Human survival still depends on the ability to locate sounds accurately, and two ears do hear more effectively than one. Most investigations for sound perception have been limited to the horizontal dimension. This includes not only the sound source but also assumes that the listener’s ears are in the same horizontal plane. Tests to locate direct sounds are normally conducted in a reflection-free environment.

The ability to locate a sound in real life is determined by the path length difference between the ears. The path length is the actual distance the sound must travel around the head, including obstructions such as the contours of the pinna. The time difference to reach each eardrum is referred to as the inter-aural time difference, which is significant be cause the path to the farther ear is not only longer but also curved. Higher frequencies tend to propagate in straight lines and don’t follow curvatures as, well. Sound reaching the farther ear is reduced in amplitude producing an inter-aural amplitude difference. The results are shown in Fig. 6 for several different angles

The ear closest to the source determines the side the sound comes from, and the amount of inter-aural time difference defines the direction. Sounds that arrive at both ears at the same time are interpreted as coming from straight ahead, but you can easily tell whether the sound comes from a different direction. Sounds near the front can be located with an accuracy of 2 or 30, but accuracy decreases as the angle to the source in creases. This invites turning the head to more accurately locate the source.

The head is a significant influence for frequencies above 600Hz but with a discontinuity in the area of 2kHz. The same area of the brain also processes sounds that come from the rear or are inclined above or below but are modified differently by different portions of the head and pinna. The shape of the pinna is different for different arrival directions. The brain can interpret all these clues to locate the origin of the sound.

Above: Fig. 5: Comb filtering response.

Above: Fig. 6: Inter-aural hearing curves.


Referring again to Fig. 4 and the arrangement of two speakers, the right ear hears some of the sound coming from the left speaker, and vice versa. To compensate for stereo crosstalk and to locate an image at a particular place, you can add electronic compensation to the left and right channels so the speakers radiate the sound with the inter-aural time delay that the brain would expect if the sound were actually coming from that place directly to your ears. Normally, if the spot is to the listener’s right, the sound from the right speaker should reach the right ear before the left speaker sound reaches the left ear. But the sound from the right speaker typically travels around the head and enters the left ear before the left speaker sound can arrive.
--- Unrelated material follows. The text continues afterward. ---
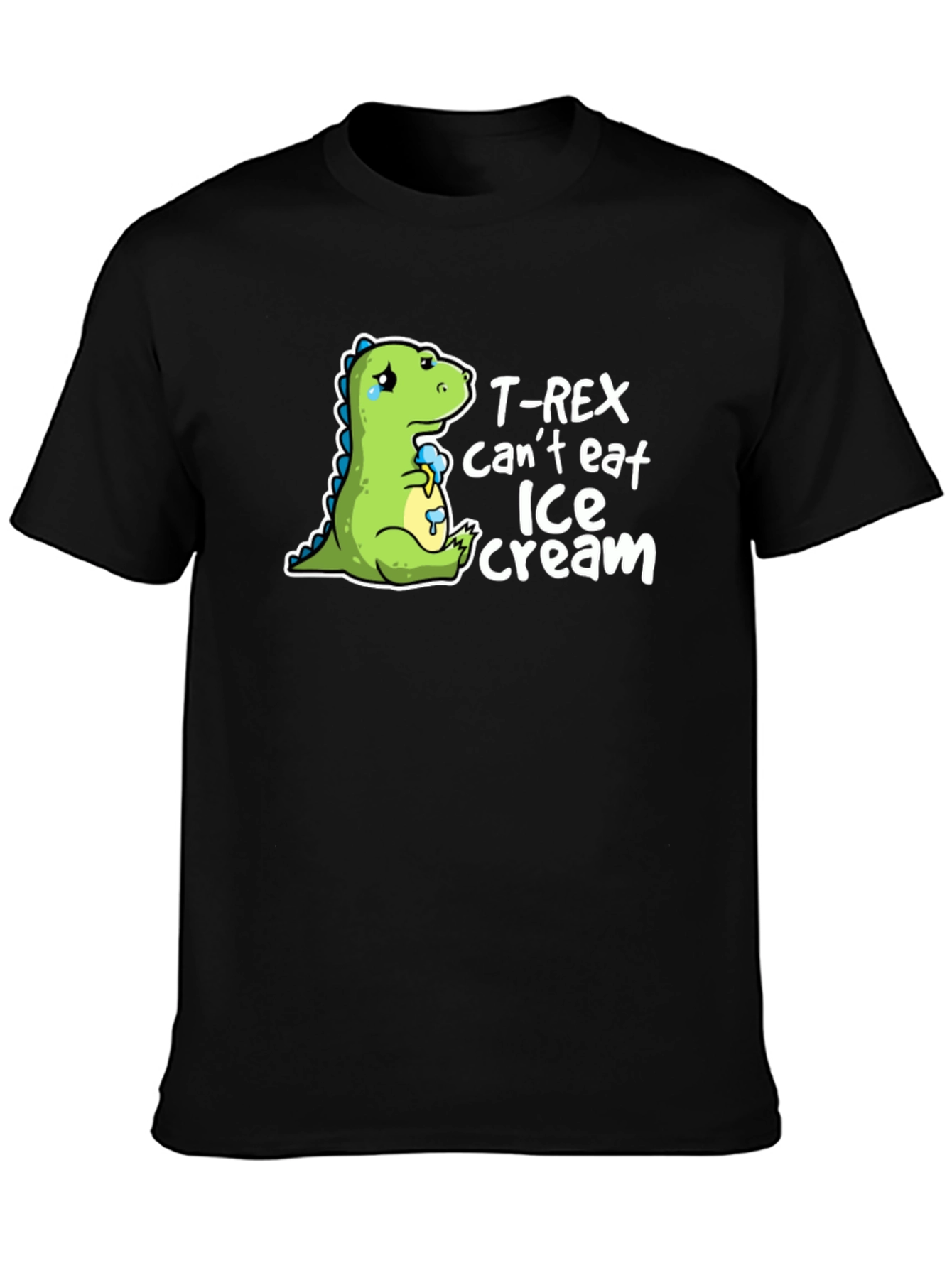T-Rex Cant Eat Ice Cream Mens Black T-Shirt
The problem is further complicated by the Haas effect. After hearing a signal, the brain suppresses any similar signals that occur within about 30ms. In this example, the delayed sound from the left speaker is blocked if it arrives too soon after the same sound from the right speaker.

The crosstalk cancellation concept was patented by Atal and Schroeder at the Bell Telephone Laboratories in 1966. It was based on reproducing binaural recordings through speakers that are located relatively close together. Several different commercial versions were developed over the years. One sophisticated device (Photo 2) was called the Sound Retrieval System (SRS), which was refined by Arnold Klayman at Hughes in the 1980s.
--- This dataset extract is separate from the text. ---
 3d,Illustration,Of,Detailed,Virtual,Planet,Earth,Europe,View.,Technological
The SRS system does not have any time delay processing, artificial reverberation, harmonic generation, artificial phase correction or alteration, and does not require any prior encoding of program material. It was designed to simulate inter-aural differences between the ears and to be played through closely spaced stereo speakers. (Inter—aural effects and hearing are discussed further on.)

Although Klayman intended it to be for use in 747 airplanes and was awarded four patents, it never went into production. Later, the design and patents were purchased from Hughes by SRS Labs headed by Klayman and Jim Lucas. It was produced and sold as the model AK- 100 Sound Retrieval System.
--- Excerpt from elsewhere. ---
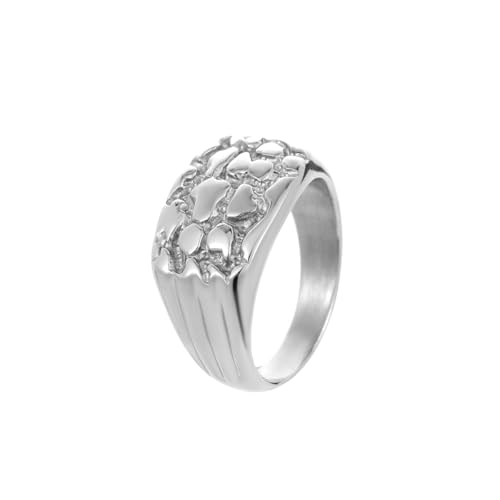 Gold Plated Nugget Ring for Men & Women – Stainless Steel Chunky Hip Hop Rings - Hypoallergenic Unisex Jewelry – US Size 5-13 – Gift Box Included - color: Silver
A demonstration at McIntosh Lab by the Hughes representatives utilized two small speakers placed about 12” apart on the floor. A stereo recording was played through the AK-100 and then through a power amplifier and speakers. It sounded surprisingly spacious and pleasing. The center control can be adjusted to fill in the hole-in-the-middle as desired and the spaciousness can also be adjusted.

Although the effects are sometimes interesting, they vary from recording to recording requiring readjustment of the controls and there is no accurate setting other than personal preference. The arrangement assumes you will be at the center between the speakers and facing toward the front. Sounds can be heard well beyond the space between the speakers. However, when the AK-100 is used with binaural recordings, a better sense of space and direction can be achieved, again depending on what is in the recording. Sometimes the spacing between the speakers needs to be adjusted as well.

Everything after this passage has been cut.